The Home Secretary has ordered Warwickshire Police and West Mercia Police to continue their strategic alliance for another six months, just hours ahead of the October 9 deadline for the forces to split.

Oct 8, 2019
By Tony Thompson
West Mercia Chief Constable Anthony Bangham

Priti Patel intervened at the request of Warwickshire Police amid an increasingly bitter war of words between the two forces that has seen a total breakdown of communications.

West Mercia Police announced last October that it would be ending the alliance, which began in 2012 and saw the forces share some resources, claiming it was effectively subsidising Warwickshire.

Last week, a joint statement issued by Warwickshire Police Chief Constable Martin Jelley and Police and Crime Commissioner (PCC) Philip Seccombe accused their West Mercia counterparts of “unreasonable and unacceptable” behaviour by seeking to withdraw from joint services before their force was ready to transition to new arrangements.

West Mercia Police Chief Constable Anthony Bangham and PCC John Campion responded by accusing Warwickshire of holding them to “ransom” over demands that they pay for the cost of the split.
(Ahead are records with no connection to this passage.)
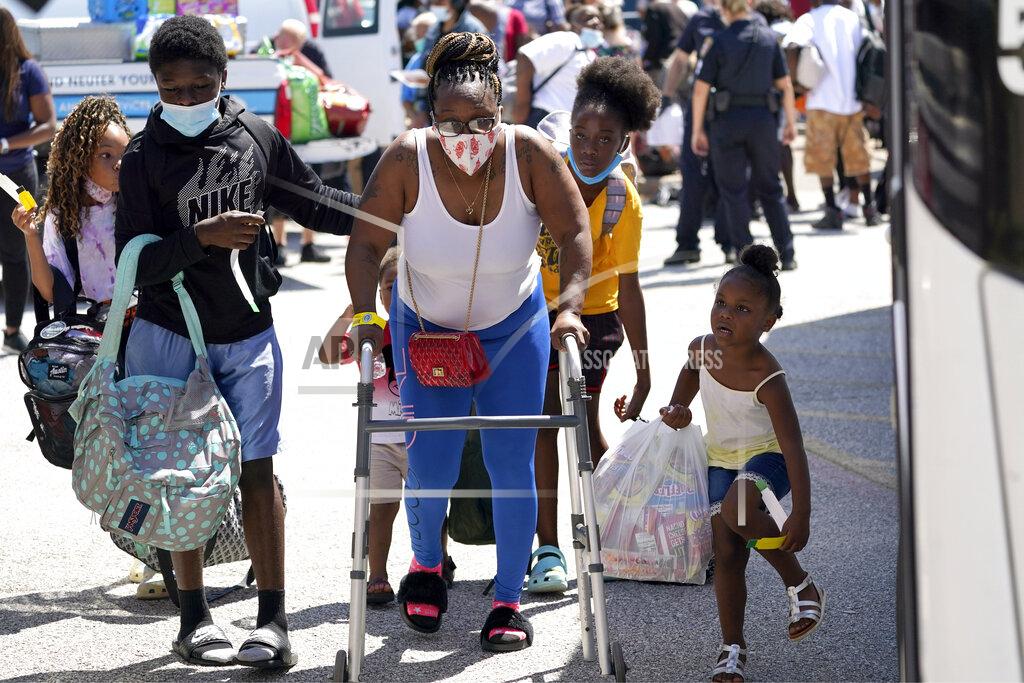 David J. Phillip Evacuees walk to board buses Tuesday, Aug. 25, 2020, in Galveston, Texas. The evacuees are being taken to Austin, Texas, as Hurricane Laura heads toward the Gulf Coast. (AP Photo/David J. Phillip)
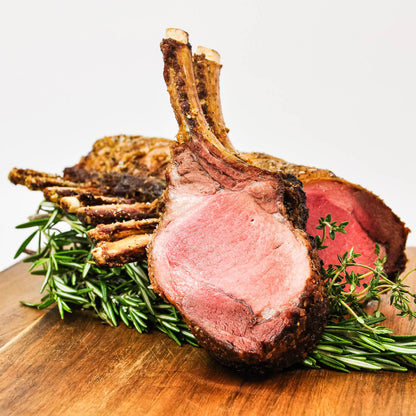 Roasted rack of lamb with herbs on a wooden cutting board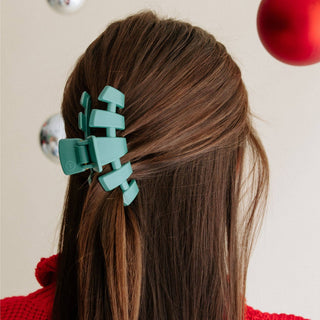 Woman wearing turquoise green classic hair clip in brown hair, shown from behind.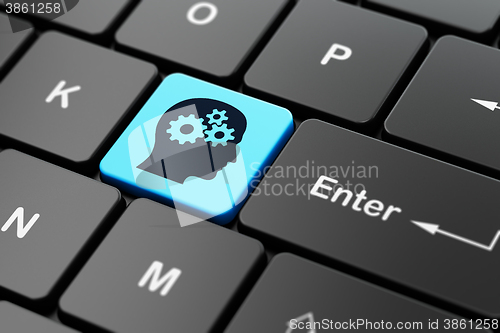 Image of Studying concept: Head With Gears on computer keyboard background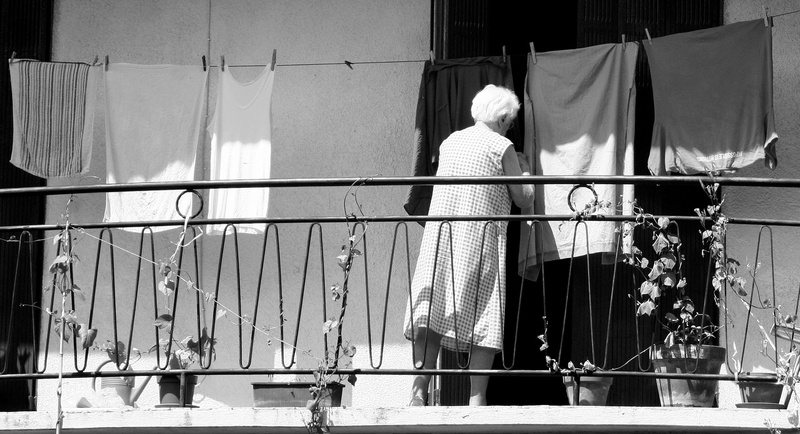 washing, terrace, laundry, men, beside, female, outside, one person, railing, leisure activity, building exterior, day, one, housewife, old woman, pot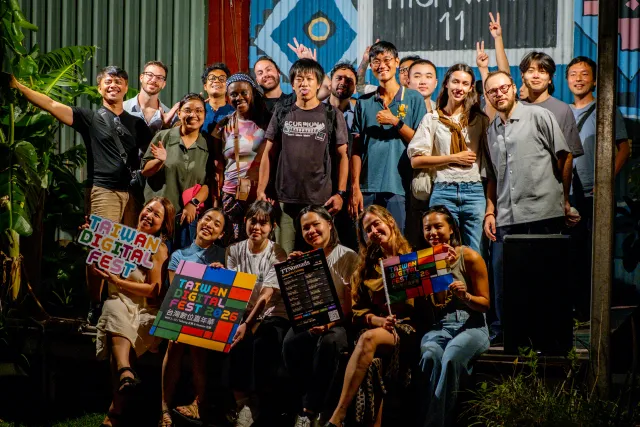 A diverse group of participants poses cheerfully outdoors at night holding Taiwan Digital Fest 2026 programs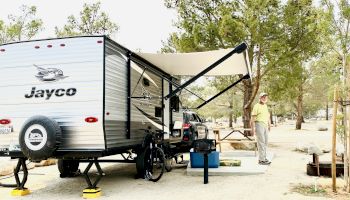 A person stands next to a Jayco travel trailer set up in a campsite with trees around, featuring an awning, outdoor gear, and a picnic table.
Mr Bangham also accused Mr Jelley of acting in a way that prevented him from running his services in the best interests of his communities.

In a letter addressed to the chief constables and PCCs of both forces, Ms Patel said: “It is my understanding that you have not reached an agreement to smoothly transition services past October 8. If the collaboration agreement is allowed to terminate without agreed transition terms, I consider that there would be a severe operational impact on Warwickshire Police which would create a risk to the public that I am not prepared to tolerate.
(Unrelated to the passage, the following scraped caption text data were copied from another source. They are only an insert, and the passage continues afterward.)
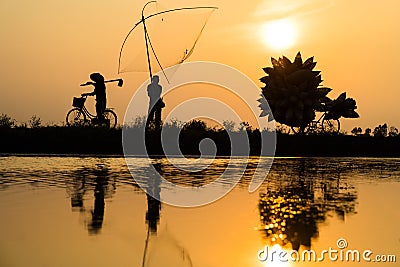 Hung Yen, Vietnam - July 9, 2016: Vietnamese rural countryside sunset scene with silhouette farmers carrying bamboo fish traps hom Editorial Stock Photo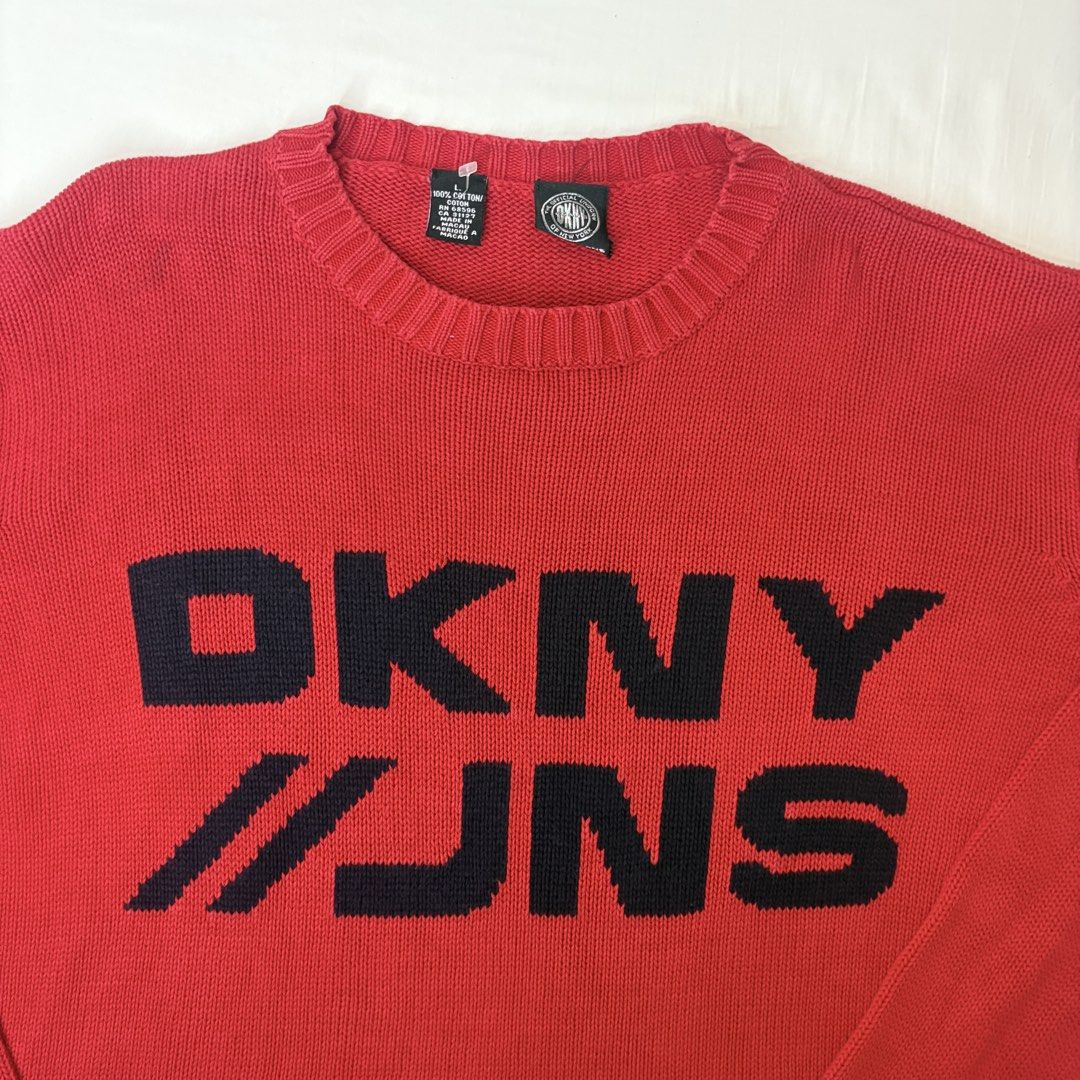 Authentic DKNY Jeans Red Cotton Sweater Size L (Category: Coats, Jackets and Outerwear) located in Angeles City. Submitted by muse_archive (Listing ID 1459964787, Image 3). Description: - Authentic red DKNY Jeans sweater - Size: L - Material: 100% Cotton ✨ - Origin: Made in Macau .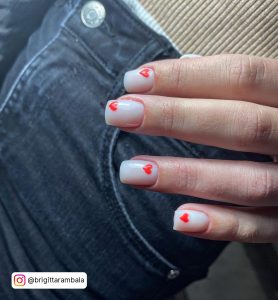 Short Square Tip Milky White Nails With A Small Red Heart On Each Nail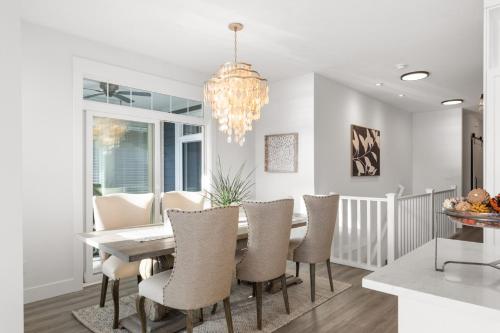 a dining room with a table and chairs and a chandelier at 165 - 2450 Radio Tower Rd-Jacobson in Osoyoos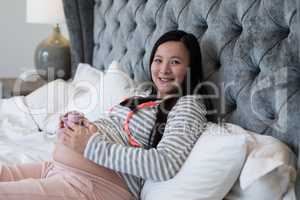 Pregnant woman looking at holding socks in bedroom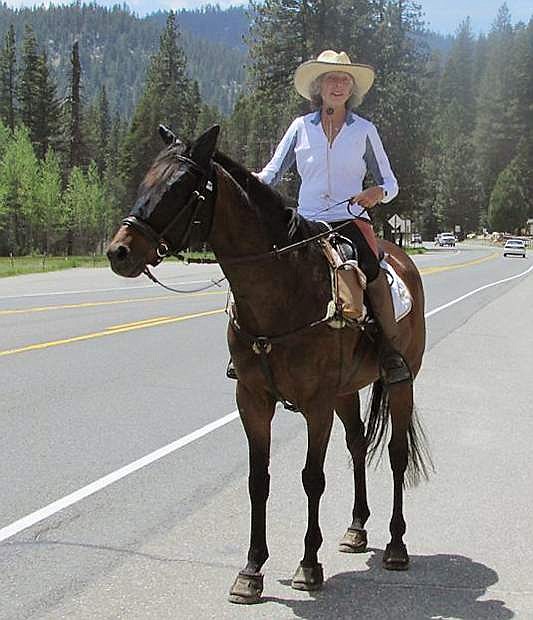 Valerie Ashker, who made a recent stop in Fallon, is riding her horse across the country to raise awareness about giving retired racehorses a second career.
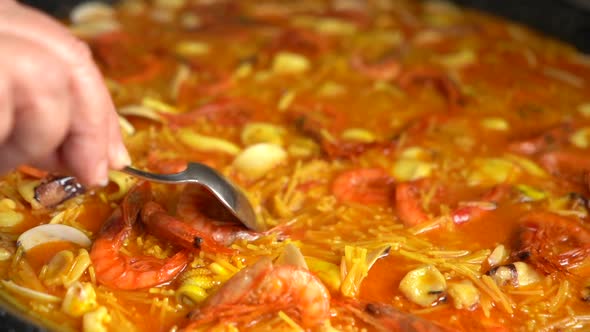 arranging the fideua broth with a spoon so that it is well distributed over the paellon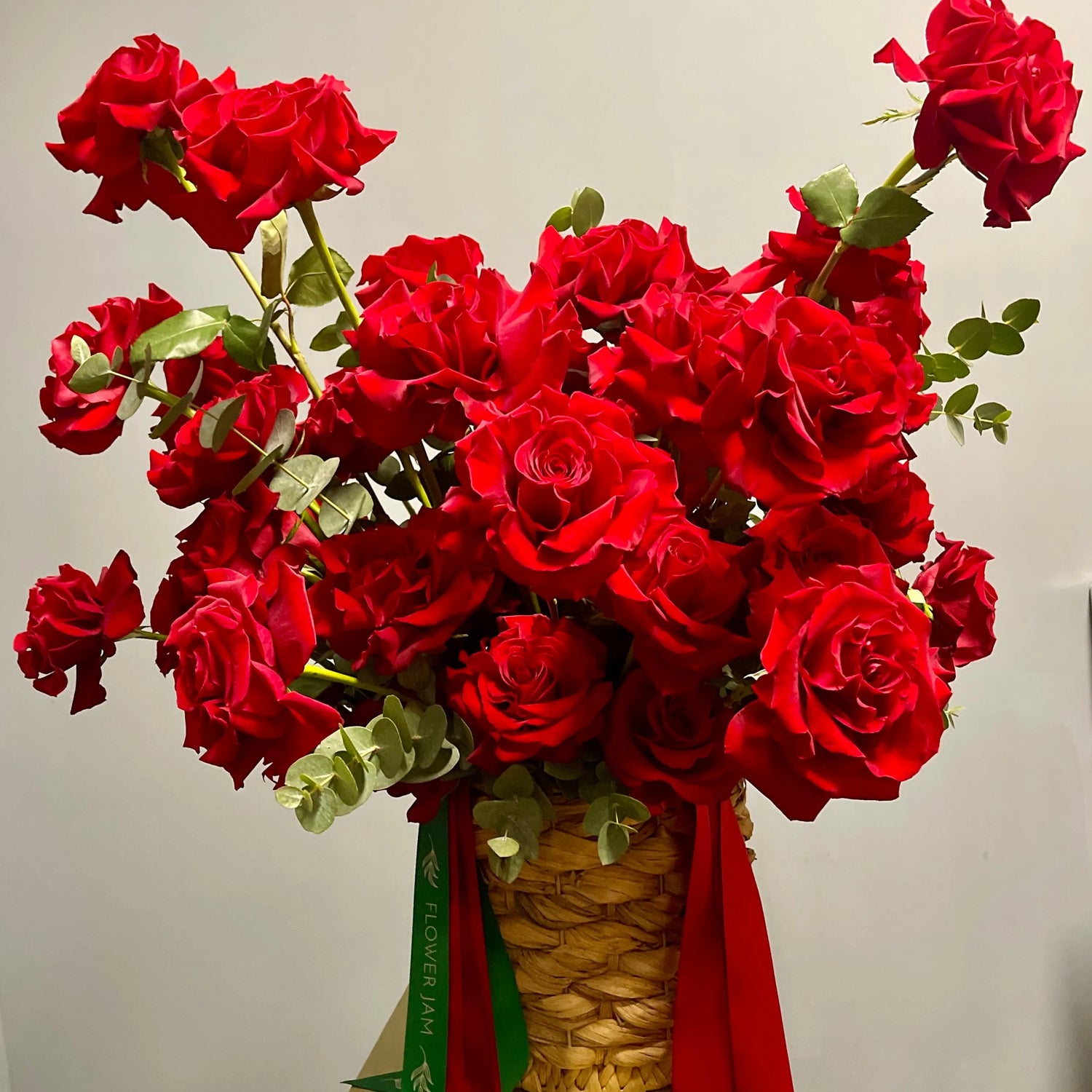 Bouquet of red roses in basket with ribbons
“I have carefully considered the period of this extension and feel that a six-month extension provides sufficient time for both forces to reach agreement. It is clear to me that this is the best way to ensure the efficiency and effectiveness of policing in this case.”

It is understood that West Mercia had requested an extension of just three months but Warwickshire objected to this on the basis that the deadline for the split would then be immediately after the Christmas break.
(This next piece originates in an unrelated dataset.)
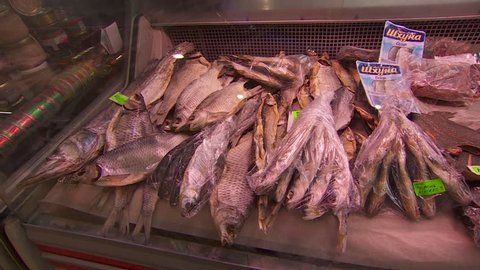 counter with dried fish. farmers market, a lot of salted fish put up for sale on the covered market. Buyers choose bream for beer. cooking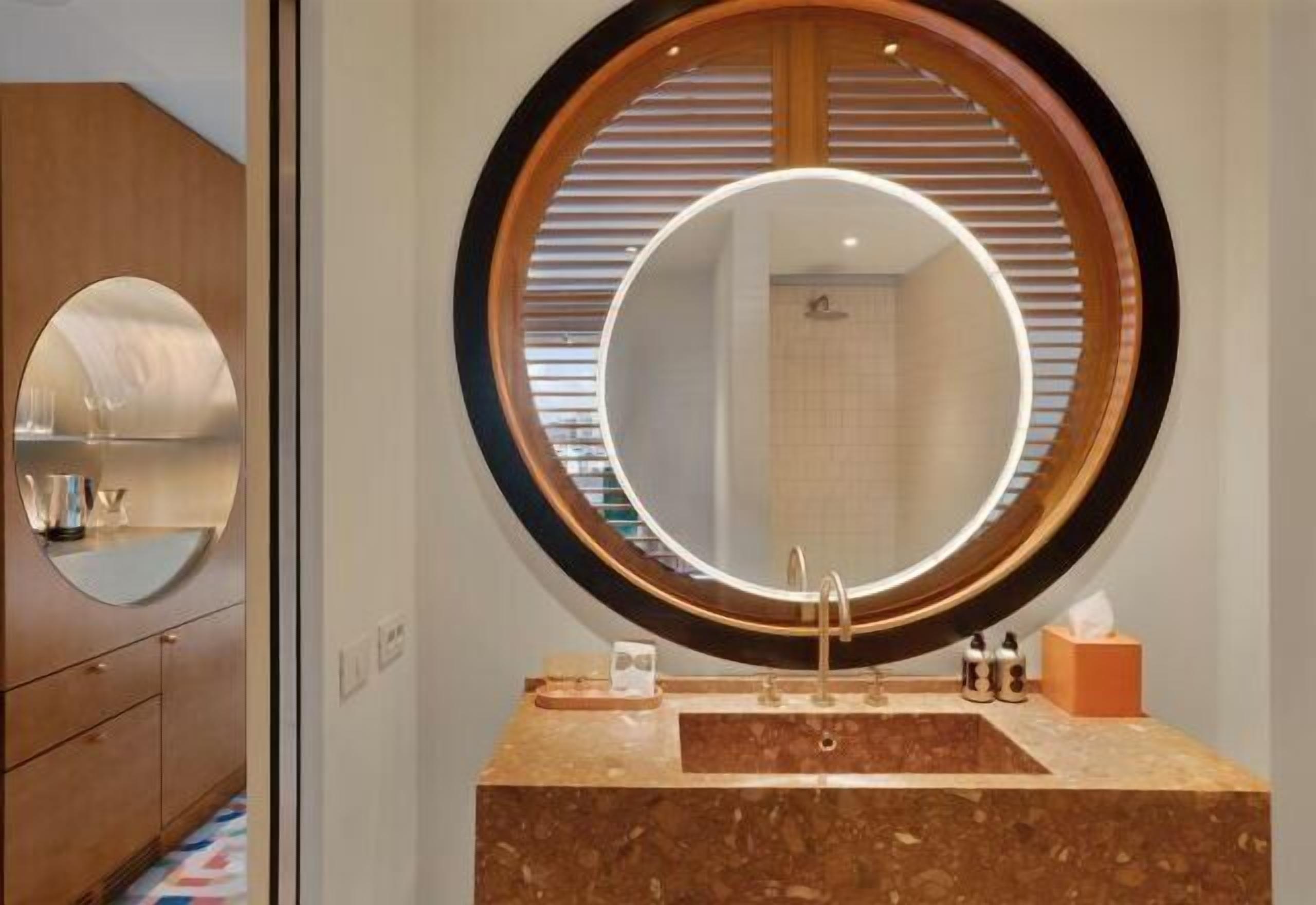 Eco-friendly toiletries, hair dryer, bathrobes, slippers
The Home Office will provide support to the two forces to identify independent expertise to assess and agree the costs of termination and transition.

Mr Jelley said: “I welcome the Home Secretary’s intervention which means our joint services with West Mercia will continue to keep communities safe while we have further discussions with our colleagues on a timetable for transition. It ensures that the public will see no disruption to the policing they receive in either force area and also provides additional clarity for our workforce, who have continued to operate at a very high level, despite the uncertainty of recent weeks.

“Our work will now focus on agreeing transition timescales for our other remaining joint services with West Mercia and I welcome the additional support we will have from the Home Office to achieve this.”

Mr Seccombe added: “With the Home Secretary’s support we clearly now need to reset our negotiations with West Mercia and I look forward to having further talks with them, supported by experts from the Home Office. During these discussions I will continue to ensure that the best interests of the public of Warwickshire are served, to reach an agreement that is fair to all parties into the future.”

The news was received less warmly by West Mercia where Mr Bangham said: “The extent to which Warwickshire relies on West Mercia to provide critical policing functions is clearly acknowledged by the Home Secretary. Despite the 12-month notice period, Warwickshire has not prepared sufficiently to operate as a standalone force and clearly that would place their communities at risk.

“While a short continuation of the alliance was anticipated, to continue the current arrangement for a further six months impinges on my operational independence as chief constable and significantly limits my ability to provide effective, efficient policing to the public of West Mercia.”

Mr Campion added: “This arrangement was terminated in the best interests of West Mercia’s communities, yet 12 months on we find ourselves still tied to an alliance that actively prohibits our police delivering the best possible services in West Mercia. Warwickshire have clearly and consistently stated their preference to transition to a standalone force, yet the public in West Mercia continue having to pay the bill for their failure to achieve that.”